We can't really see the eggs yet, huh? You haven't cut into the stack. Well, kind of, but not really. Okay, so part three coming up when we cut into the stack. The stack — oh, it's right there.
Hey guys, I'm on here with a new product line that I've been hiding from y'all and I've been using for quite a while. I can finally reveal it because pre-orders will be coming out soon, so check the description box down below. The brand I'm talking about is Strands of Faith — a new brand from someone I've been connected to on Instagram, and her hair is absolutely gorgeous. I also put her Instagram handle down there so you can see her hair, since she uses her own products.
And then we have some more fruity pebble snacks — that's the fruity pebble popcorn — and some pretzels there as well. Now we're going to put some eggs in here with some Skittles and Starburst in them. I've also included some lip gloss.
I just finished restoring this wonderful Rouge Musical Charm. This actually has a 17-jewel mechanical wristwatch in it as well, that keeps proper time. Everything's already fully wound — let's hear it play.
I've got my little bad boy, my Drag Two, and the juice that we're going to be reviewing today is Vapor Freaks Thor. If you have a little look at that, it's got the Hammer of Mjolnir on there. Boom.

────────

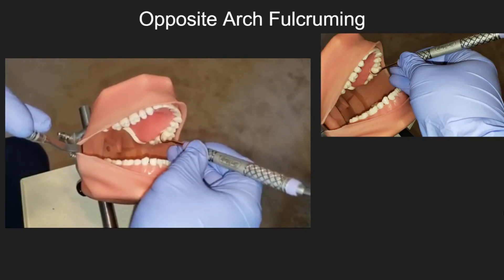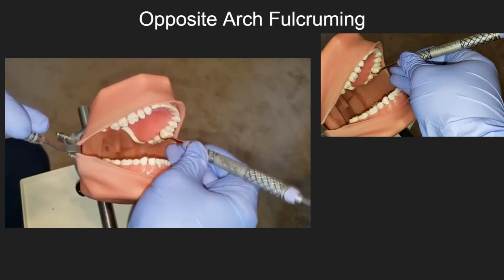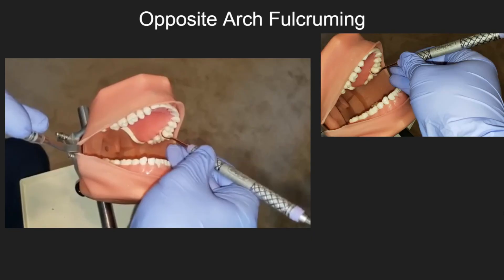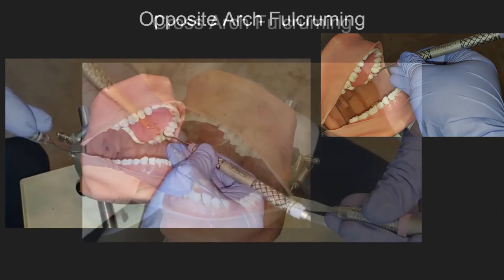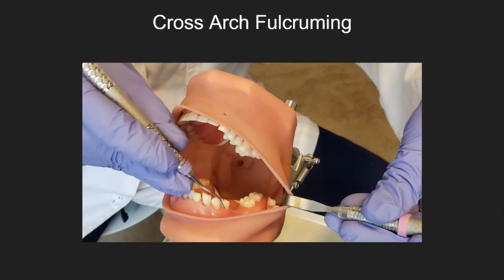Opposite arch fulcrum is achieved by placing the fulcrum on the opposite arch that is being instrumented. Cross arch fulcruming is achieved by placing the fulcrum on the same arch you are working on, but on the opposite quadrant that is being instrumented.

────────

#### REQUIRED WORK:
Word for word, restate the lines above from the line containing "I just finished" through the line containing "I've got my", with both included and nothing else.

#### RESULT:
I just finished restoring this wonderful Rouge Musical Charm. This actually has a 17-jewel mechanical wristwatch in it as well, that keeps proper time. Everything's already fully wound — let's hear it play.
I've got my little bad boy, my Drag Two, and the juice that we're going to be reviewing today is Vapor Freaks Thor. If you have a little look at that, it's got the Hammer of Mjolnir on there. Boom.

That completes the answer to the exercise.